社内に若者は何%いるのだろうか・若年労働者比率の実態を探る
若年層の労働市場における弱い立場が問題視される昨今だが、現状ではどれ程の若年労働者が企業内に就労しているのだろうか。また正社員・非正社員の割合はどれ位なのか。厚生労働省が2014年9月に発表した調査結果「平成25年若年者雇用実態調査結果の概況」から実情を確認していく。
今件調査では各種就業状態について次のように定義されている。
「若年労働者」…15-34歳の労働者
「常用労働者」…期間を定めずに雇われている、1か月を超える期間を定めて雇われている、日々・一か月以内の期間を定めかつ2013年8月と9月の双方で18日以上雇われているのいずれかに該当(実調査直前の月)
「正社員」…直接雇用関係のある労働者のうち、正社員・正職員など
「非正社員(元資料では正社員以外の労働者)」…直接雇用関係のある労働者のうち、正社員・正職員などとされている”以外”の者(例 パート・アルバイト、契約社員など)

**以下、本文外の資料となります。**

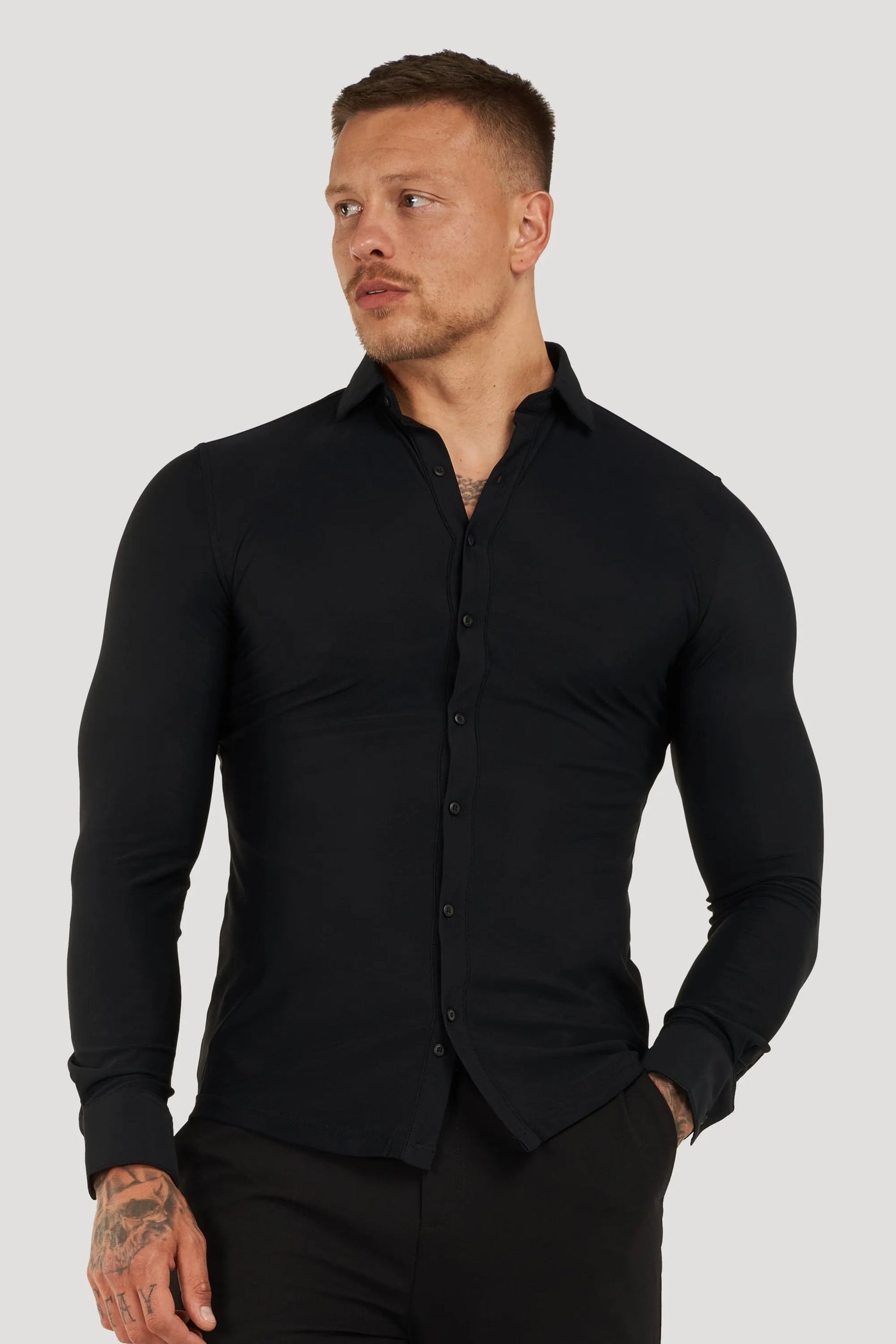 LA CHEMISE ATHLÉTIQUE STRETCH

まずは全体的な「雇用形態別・若年労働者」の割合。全体としての労働者の各種比率を算出したのが次のグラフ。青系統は正社員・赤系統は非正社員、ベタ塗りは若年以外(35歳以上)・ぼかし塗りは若年層を示している。例えばグラフの左端は「青のぼかし塗り」なので「若年」の「正社員」となる。

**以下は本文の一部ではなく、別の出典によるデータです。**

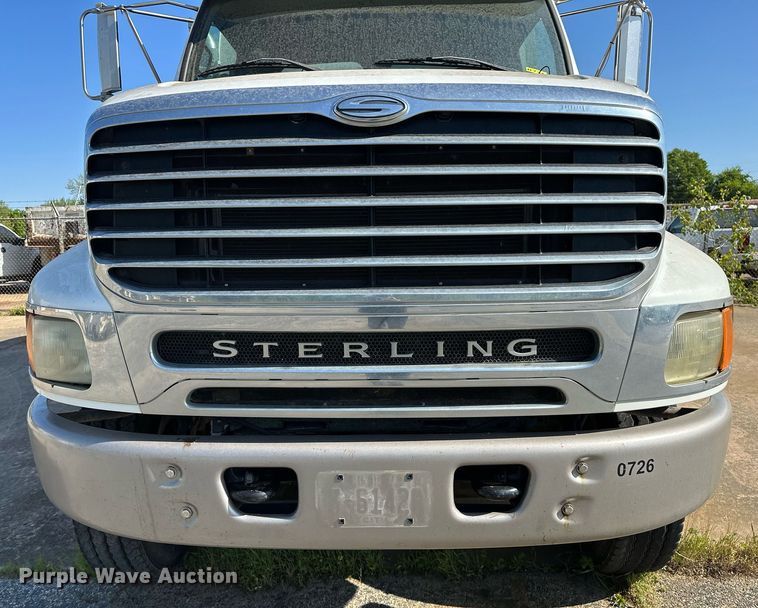 image for item LR9725 2007 Sterling L8500  refuse truck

産業全体では正社員が約6割強・非正社員が3割強。一方、産業別に「赤青」別、「ベタ塗り・ぼかし塗り」別で見ると、産業別の特性が色々と見えてくる。例えば小売業やサービス業全般では35歳以上の非正社員が多い事、特に飲食関係では約2/3が非正社員で構成されている事など。

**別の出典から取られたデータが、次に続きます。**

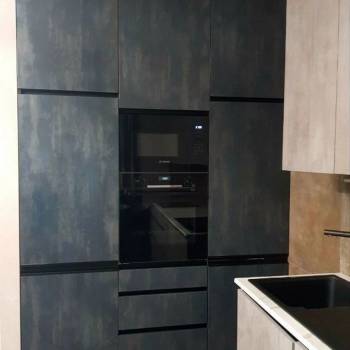 Продается Многокомнатная квартира, 140 м²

この図は資料性には優れているものの、それぞれの区分(若年層か否か、正社員か否か)との視点では少々把握しにくい。そこでそれぞれの区分で数字を合算し、グラフを再構築してみることにする。まずは若年層か否か。
全体では労働者のうち3割足らずが若年層、残り7割強がそれ以外(35歳以上)で占められている(若年層が居る・居ないの事務所数比率とは幾分差があることに注意)。情報通信業、宿泊業・飲食サービス業、生活関連サービス業・娯楽業などで若年率が高めだが、一方で運輸・郵便業や鉱業・採石業・砂利採取業、建設業などのように、2割前後しかいない業態もある。業態の特性、人材の新陳代謝の違い、若年層からの人気のあるなしなど、複数の要因が関係してくるので、善し悪し語ることはできないが、若年層が1割から2割前半の業態は今後人材不足が懸念される。あるいは人員が余剰気味なので、新人をあまり雇わず・雇えず、結果として高齢化状態となっているのかもしれない。
続いて正社員か否かの仕切り分け。
一番非正社員率が高いのは宿泊業・飲食サービス業で76.4%。ファストフード店などを思い返せば、アルバイトが多数を占めている実態は容易に想像できる。また、パートの人が多いスーパーは「卸売業・小売業」に該当し、こちらも48.7%と高めの値。逆に専門職やインフラ系、第一次・第二次産業系では正社員が多い。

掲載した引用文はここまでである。